Le cas sénégalais a également fait écho dans ce cercle restreint de décideurs. Face aux journalistes, Talon s’est interrogé sur la réaction que devrait avoir la CEDEAO et l’UEMOA. ‘’Ce que l’on observe au Sénégal, qui est regrettable, est de nature aujourd’hui à nous interpeller sur le rôle des communautés auxquelles nous appartenons. Est-ce que la CEDEAO ou l’UEMOA, cette fois-ci, doit condamner ou non ?’’.

Au cours des dernières tensions dans la sous-région, la diplomatie togolaise à elle seule a réussi là où la CEDEAO a presque échoué : la libération des soldats ivoiriens au Mali et la médiation dans la transition nigérienne. Alors que l’idée d’une intervention militaire avait enterré tout espoir de dialogue entre putschistes et les partisans d’un retour à l’ordre constitutionnel.

CEDEAO : Vers une renaissance ou un déclin inexorable ?

Dans cette nouvelle crise, les autorités de la sous-région semblent adopter une posture plus claire et plus ferme, si l’on s’en tient aux deux communiqués de l’institution. Tout au début de cette ‘’pseudo crise institutionnelle’’, l’organisation sous-régionale avait opté pour un réaménagement du calendrier électoral, comme l’avait voulu le président Sall et BBY et Wallu.

Mais 72 heures après, elle a changé de ton, exigeant du Sénégal, réputé comme un des bons élèves de l'organisation, à rétablir "de toute urgence" le calendrier électoral.

Un coup de pression auquel se sont greffées d’autres injonctions de l’Union européenne et du département d’État américain.
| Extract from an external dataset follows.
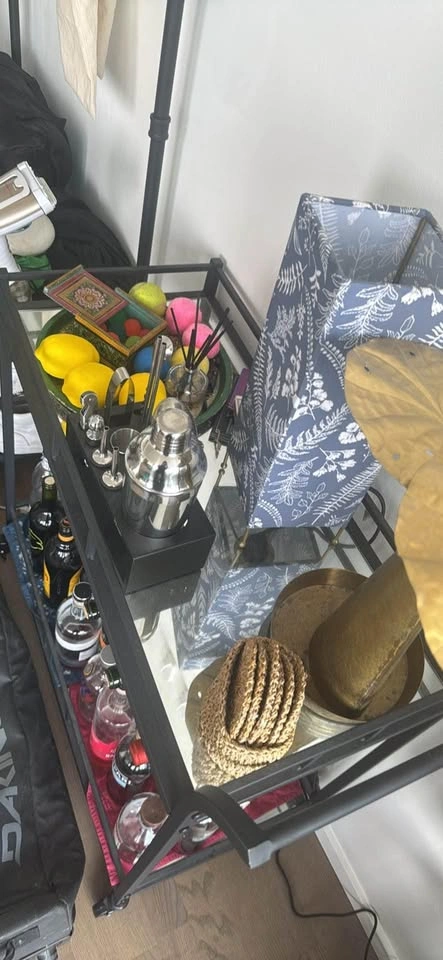 Mirror paneled bar cart - photo 2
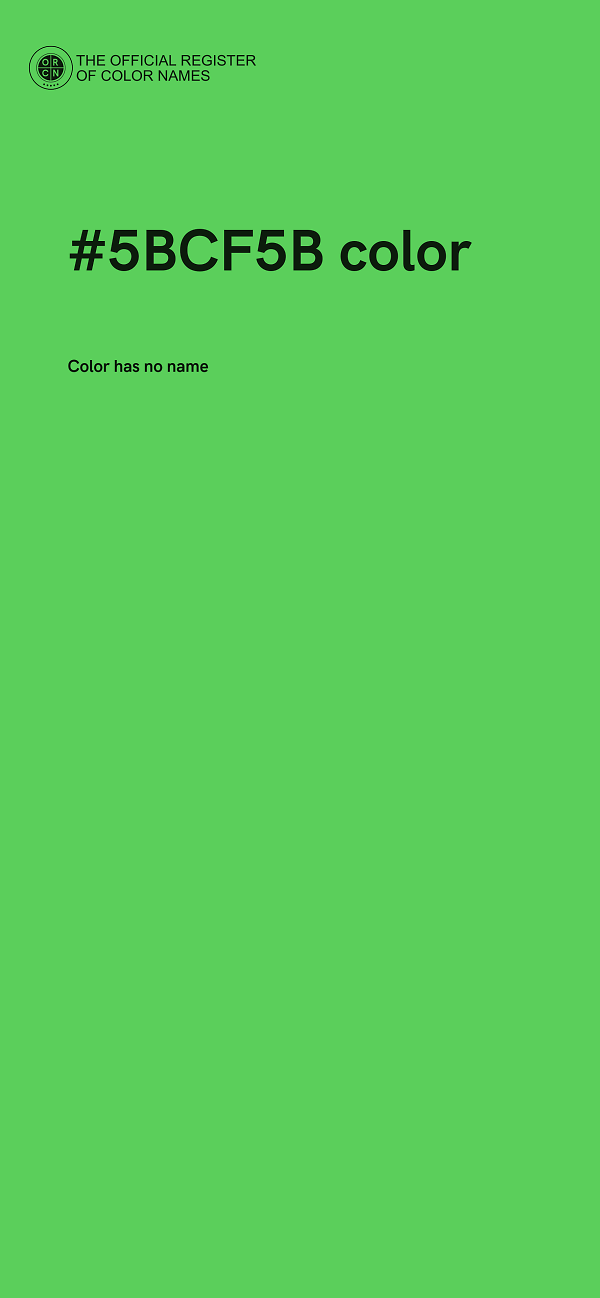 #5BCF5B color image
Cet alignement de ces grandes puissances devrait élargir la marge de manœuvre de la CEDEAO pour trouver une issue entre les parties prenantes.
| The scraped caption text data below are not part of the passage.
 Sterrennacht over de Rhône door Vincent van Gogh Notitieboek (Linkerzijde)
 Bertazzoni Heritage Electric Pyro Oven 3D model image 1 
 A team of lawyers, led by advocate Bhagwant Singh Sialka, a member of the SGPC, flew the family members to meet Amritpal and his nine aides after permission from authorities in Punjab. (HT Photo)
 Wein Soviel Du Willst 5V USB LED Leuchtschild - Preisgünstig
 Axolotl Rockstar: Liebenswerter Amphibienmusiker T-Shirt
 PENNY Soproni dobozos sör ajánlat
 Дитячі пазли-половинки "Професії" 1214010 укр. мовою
Si la médiation diplomatique de Dakar réussit, la CEDEAO enverra sans doute des signaux positifs pour attaquer les autres dossiers brûlants, à savoir la réintégration des États membres de l’Alliance du Sahel et la libération du président nigérien destitué Mouhamed Bazoum.  
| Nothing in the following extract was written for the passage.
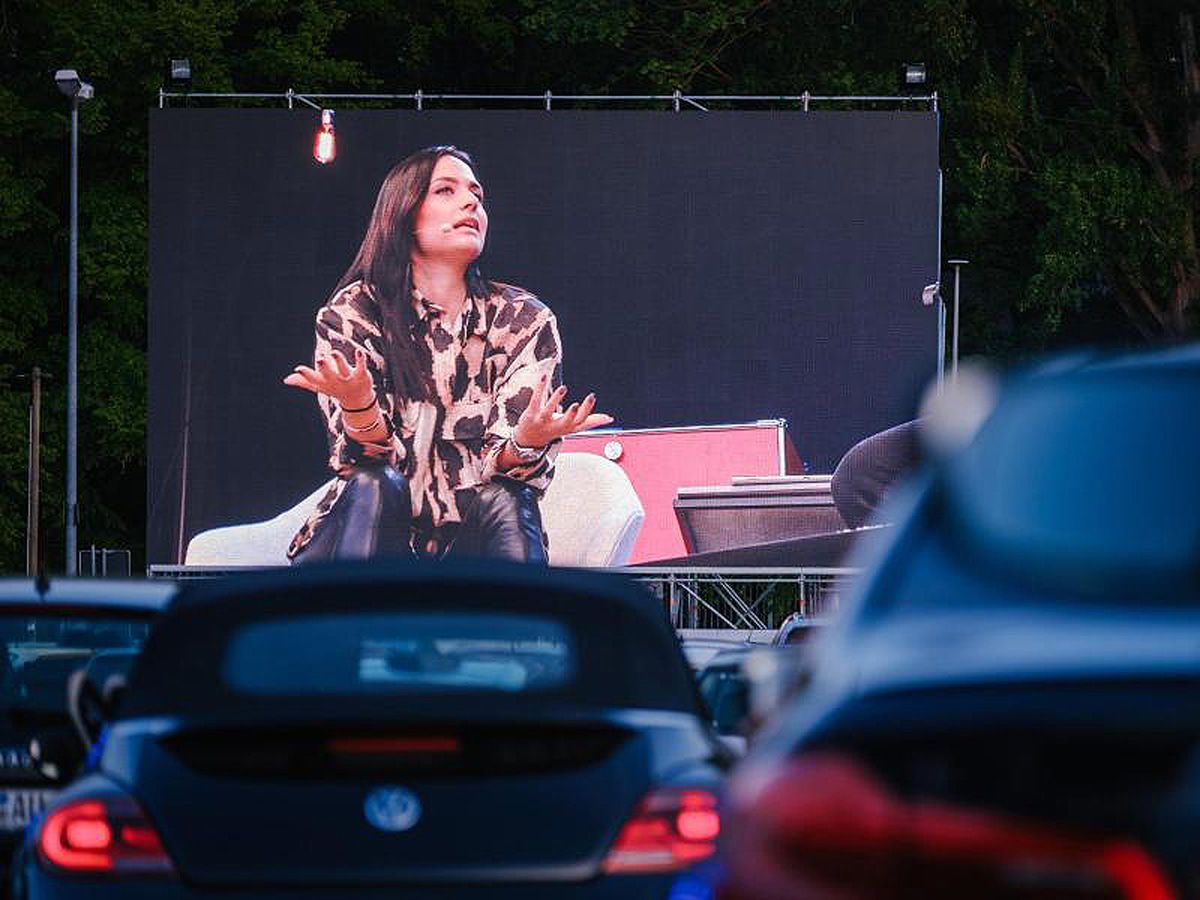 Oliver Pocher und Gattin: So war ihre erste Autokino-Show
Pour l’instant, au Sénégal, une volonté de décrispation de l’atmosphère est en cours. Après la restitution de la licence de la télévision Walfadjri, une loi d'amnistie générale serait envisagée pour libérer tous les ‘’détenus politiques’’. La mesure devrait également concerner des faits plus anciens, notamment ceux liés aux condamnations de Karim Wade et Khalifa Sall. Ces nouveaux actes posés constituent les premiers jalons pour aller vers un dialogue inclusif.

Reste à savoir si les autres acteurs vont répondre à cette main tendue et que le chiffon rouge d’une prise de pouvoir des hommes en kaki agité par le président Macky Sall n’aura pas d’effet.